#' @title Estimation of Indirect Correlations
#' @description This function estimates indirect correlations starting from the incomplete
#' correlation matrix in input. Indirect correlations to be estimated must be indicated
#' by \code{NA} values in the input correlation matrix.
#' @export
#' @importFrom pracma fmincon
#' @importFrom Matrix nearPD
#' @param corrMatStart Matrix object which represents a correlation matrix. Indirect correlations to be
#' estimated must be indicated by \code{NA}. This matrix must be symmetric, thus it must contain at
#' least two \code{NA} values.
#' @param force_estimate Boolean flag. When this flag is \emph{TRUE}, if the obtained correlation matrix is not positive
#' definite, it is approximated to the nearest positive definite matrix based on the Frobenius norm. Matrix
#' approximation may alter fixed initial correlations. If this flag is set to \emph{FALSE} (default option), matrix approximation
#' is skipped and a warning message is returned.
#' @param widen_factor number between 0 and 1. If there is a unique path, the range for that indirect correlation is computed considering \eqn{cost +/- widen_factor*cost}, where \eqn{cost} is the cost of the unique existing path. Default value is 0.2.

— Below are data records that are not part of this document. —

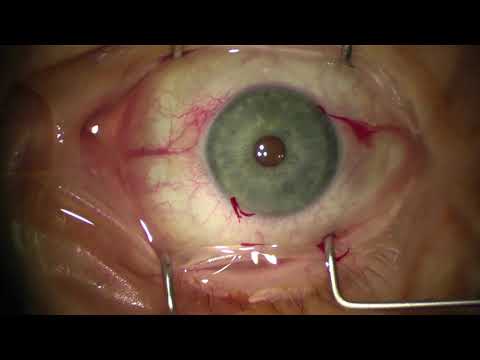 DMEK (Descemet's Membrane Endothelial Keratoplasty) by Dr. Mark C. Vital at Houston Eye Associates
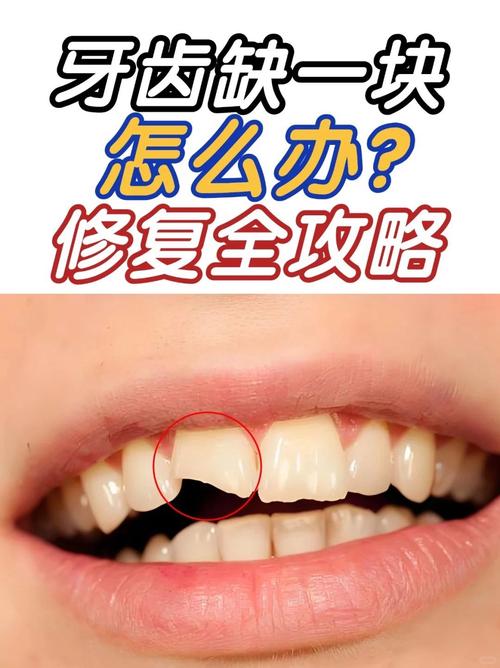 牙齿根缺损的修复方法-图2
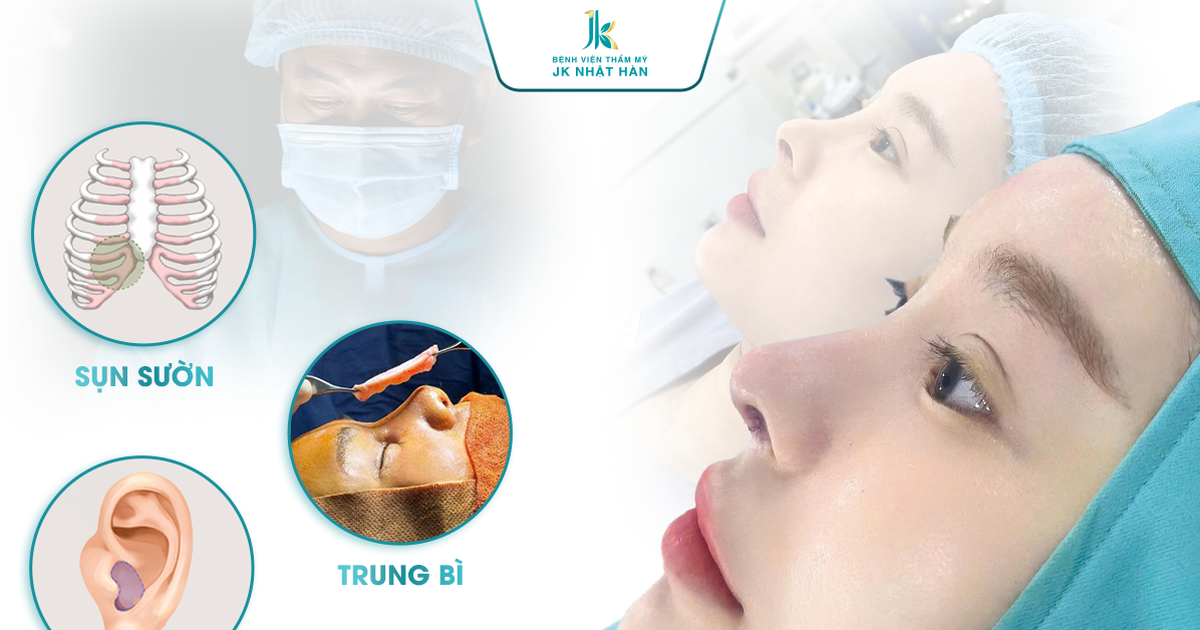 Nâng mũi thuần tự thân, giảm bóng đỏ, lộ sống, không lo sửa nhiều lần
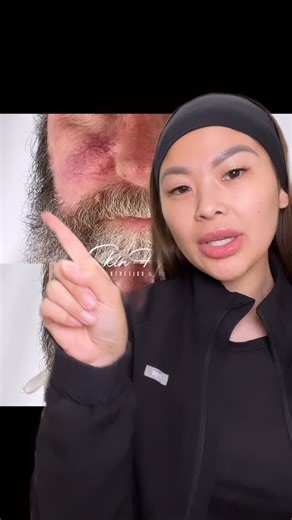 NURSE RACHEL | 90210 & OC Injector on Instagram: "✨ Say goodbye to those tiny red veins and “why won’t this go away” spots ✌🏻❤️ Meet Vasculaze — our go-to laser for clearing spider veins, broken capillaries, rosacea, and vascular lesions on the face and legs 💥 No numbing. No downtime. Just fast, precise energy that targets only the vein — leaving your skin clearer, smoother, & instantly more confident. ⚡️It’s safe. It’s quick. It works. Most patients start seeing results after just 1–3 session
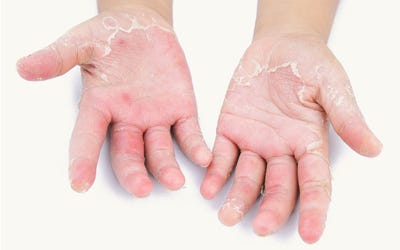 Dry hands from dog grooming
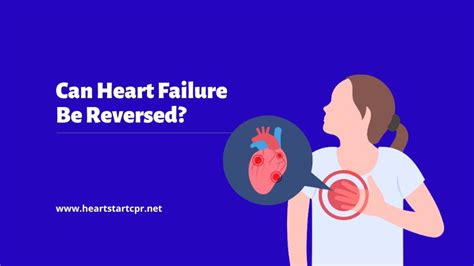 can heart failure be reversed with exercise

#' @details Indirect correlations are estimated solving a constrained optimization problem. Starting
#' from the fixed correlations, a correlation graph is built. Then, for each couple of variables whose indirect
#' correlation is unknown (i.e. \code{NA} values), all the possible paths among them are considered (without
#' visiting a node more than once). The cost of each path is computed by multiplying the correlations along it.
#' The maximum and the minimum costs provide a reasonable range for the indirect correlation value.

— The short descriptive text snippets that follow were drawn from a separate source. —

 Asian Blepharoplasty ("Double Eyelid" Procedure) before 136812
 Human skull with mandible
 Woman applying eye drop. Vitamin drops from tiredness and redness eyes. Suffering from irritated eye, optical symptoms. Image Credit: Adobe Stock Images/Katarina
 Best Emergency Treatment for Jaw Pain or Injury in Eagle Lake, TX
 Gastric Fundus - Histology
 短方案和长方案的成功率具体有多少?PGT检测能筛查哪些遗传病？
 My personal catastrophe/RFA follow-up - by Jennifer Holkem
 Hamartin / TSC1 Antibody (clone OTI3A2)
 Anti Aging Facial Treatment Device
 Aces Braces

#' If there is not any path between two nodes, that indirect correlation will not be estimated and it will be
#' automatically set to 0. If there is a unique path, the range for that indirect correlation is computed considering \eqn{cost +/- widen_factor*cost}, where \eqn{cost} is the cost of the unique existing path. The default value of \eqn{widen_factor} is 0.2.
#'
#' Given the bounds of indirect correlations, a constrained optimization problem is solved by minimizing the negative
#' of minimum eigenvalue of correlation matrix. The starting values for the indirect correlation values are set equal to
#' the middle-point of the computed bounds. If the estimated matrix is not positive
#' definite, user can force a second optimization step in which the previously obtained matrix
#' is approximated to its nearest positive definite matrix. Frobenius norm is used to measure
#' distance between matrices. Note that this step may alter initial fixed correlations.
#'
#' An indirect correlation between two variables can be estimated only if they are linked by at least one path in
#' the correlation graph. If for all indirect correlations declared does not exist any path, this function
#' prints a warning message and plots the correlation graph to support the debug.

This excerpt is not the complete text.